The Bainbridge Island Planning and Community Development Department will host a meeting from 8:30 to 10 a.m. Tuesday, March 14 at Far Bank Enterprises (8500 NE Day Road) to discuss future development of areas zoned for business/industrial activities on the island.
Attendees are encouraged to carpool, as parking is limited. Overflow parking will also be available at Grace Church.
During the meeting, property and business owners and members of the public will have an opportunity to listen, learn and provide input on issues related to existing and possible future land uses and development opportunities in several business/industrial zoned areas.
Such development has been a controversial issue around the island as of late.
At a meeting in September last year, the city council adopted a six-month emergency moratorium on the acceptance, processing and approval of applications for building and land use permits for non-manufacturing uses within the business/industrial zoning district, specified as being “generally located at the vicinity of Day Road and Highway 305 and north of and adjacent to NE New Brooklyn Road.”

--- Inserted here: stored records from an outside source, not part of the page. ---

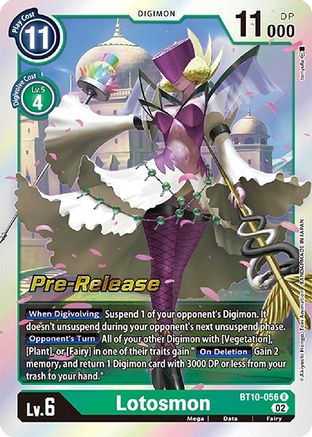 Lotosmon (BT10-056) [Xros Encounter Pre-Release Cards] Foil - Deck Out Gaming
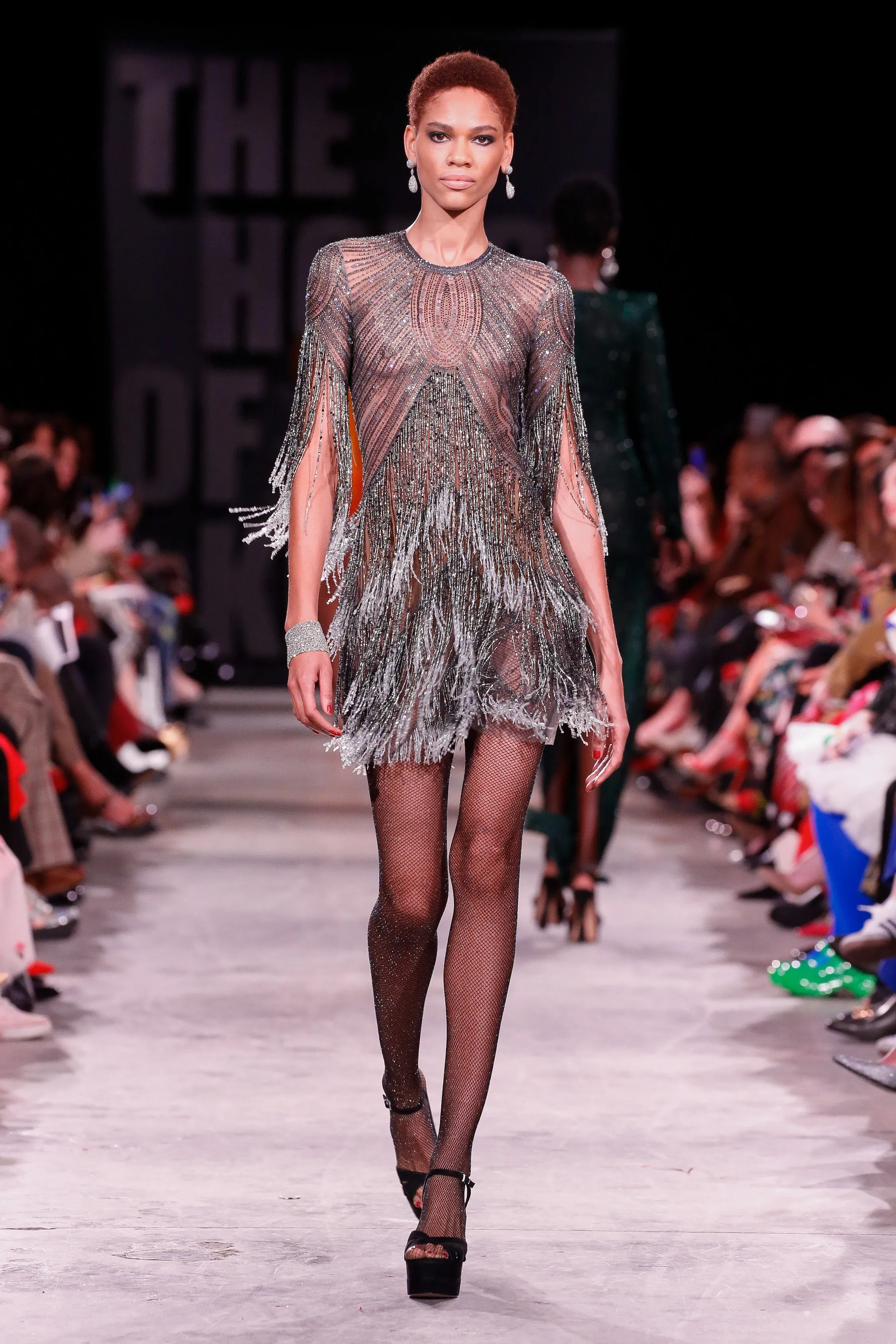 Beaded Fringe Mini Dress sold by Naeem Khan product image thumbnail 3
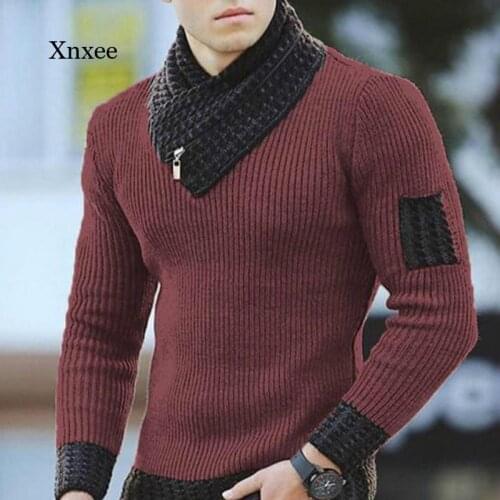 Fall/winter Mens Casual Slim Knitted Sweater Pullover Harajuku Sweater Long Sleeve Scarf Collar Color Block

Exceptions exist for preexisting uses and vested applications.
Then, during the recent Comprehensive Plan update effort, the council and the planning commission both expressed concerns about the types of nonindustrial, nonlight manufacturing businesses and development that have occurred in areas zoned business/industrial, predominantly at the Coppertop Business Park on Sportsman Club Road.
Although some non-manufacturing uses are currently allowed in the zone, such uses have generally been allowed through a conditional use permit. City officials have been concerned that the increased influx of non-manufacturing business moving into the area would not leave any space for traditional manufacturing uses that are otherwise restricted to the business/industrial zone, however.
Officials have also been worried that like the Coppertop Business Park, the New Brooklyn or Day Road B/I zone areas will become dominated by non manufacturing uses.
The city council is currently discussing extending the moratorium ordinance and will hold a public hearing on the issue at its meeting on Tuesday, March 14.
Extending the moratorium, city officials said, will give staff time to complete public outreach efforts and craft permanent regulations.